A major new show in Calais, France, is just about the most French thing ever. It’s a well-funded art show across, not one, but two regional museums, and the artist – one of the nation’s best known – is a revered contemporary sculptor in her 70s.
So what brings Annette Messager to a troubled port that has been so much in the news for the wrong reasons? France’s commitment to public funding is one answer. But another is Messager’s own biography. The artist was born in Berck-sur-Mer, 60km away, and visited Rodin’s Burghers of Calais as a child. This early exposure to an influential committee surely stood Messager in good stead as she built a career in one of the world’s more bureaucratic art landscapes.

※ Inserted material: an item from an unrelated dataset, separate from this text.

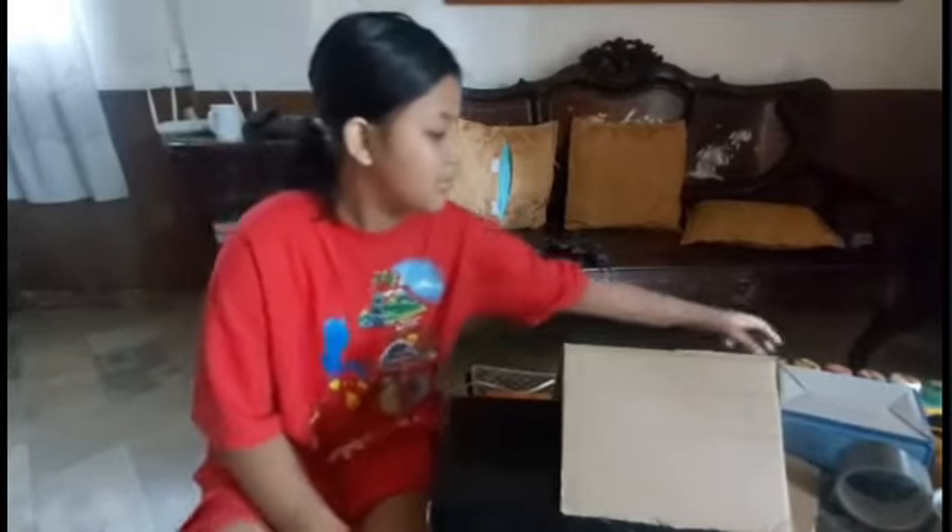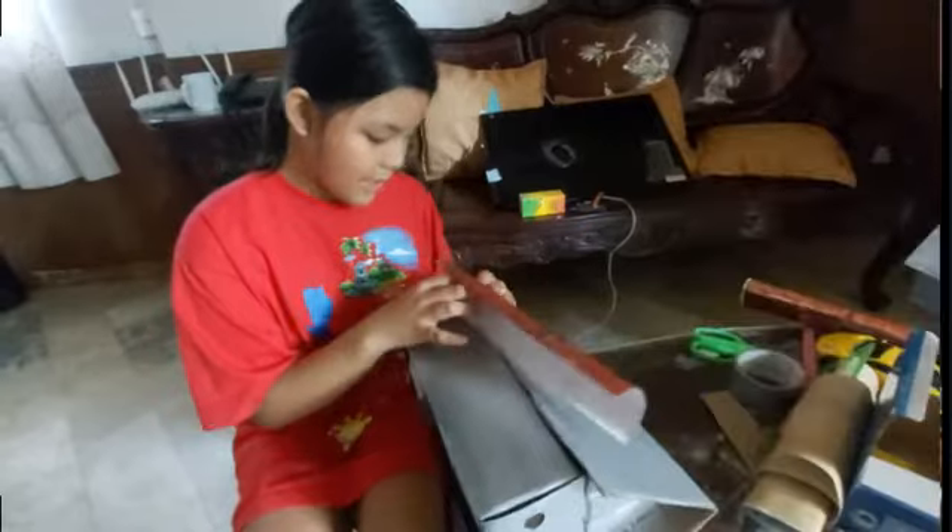After making a roof, door, and window, color it and wrap it. I wrap it like this.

But her Calais show is far from a box-ticking exercise. Most of the work is made especially for the two venues (the Musée des beaux-arts and the Cité de la dentelle et de la mode). Much of it is monumental. And much of it explores the artist’s enduring interest in fashion and textiles. Measuring tape, parachute fabric, lace and imitation leather are just some of the materials to hand. Messager works in a free, spontaneous way, never too serious to incorporate bras, tights, toilet rolls or playful road signage into her installations.
One of the road signs is singled out with a rallying cry from May ’68 – It is forbidden to forbid. It’s a reminder that Messager, who was born in 1943, was just two years out of a Paris art school when that particular revolution nearly kicked off. We can only speculate about the impact of 1968 on the creative imagination of an entire country. London may have been swinging in the 60s, as reflected in the work of Peter Blake or David Hockney. But Paris was briefly on fire.
Messager’s peers will all have felt it one way or another. Her partner, Christian Boltanski, was born in 1944. Both were in their 20s. Daniel Buren (b. 1938) was 30 in the watershed year; Claude Lévêque, Bertrand Lavier and Jean-Marc Bustamante were teenagers. Even French art’s eldest statesman, François Morellet, born in 1926, cannot have been unmoved by the spirit of the times.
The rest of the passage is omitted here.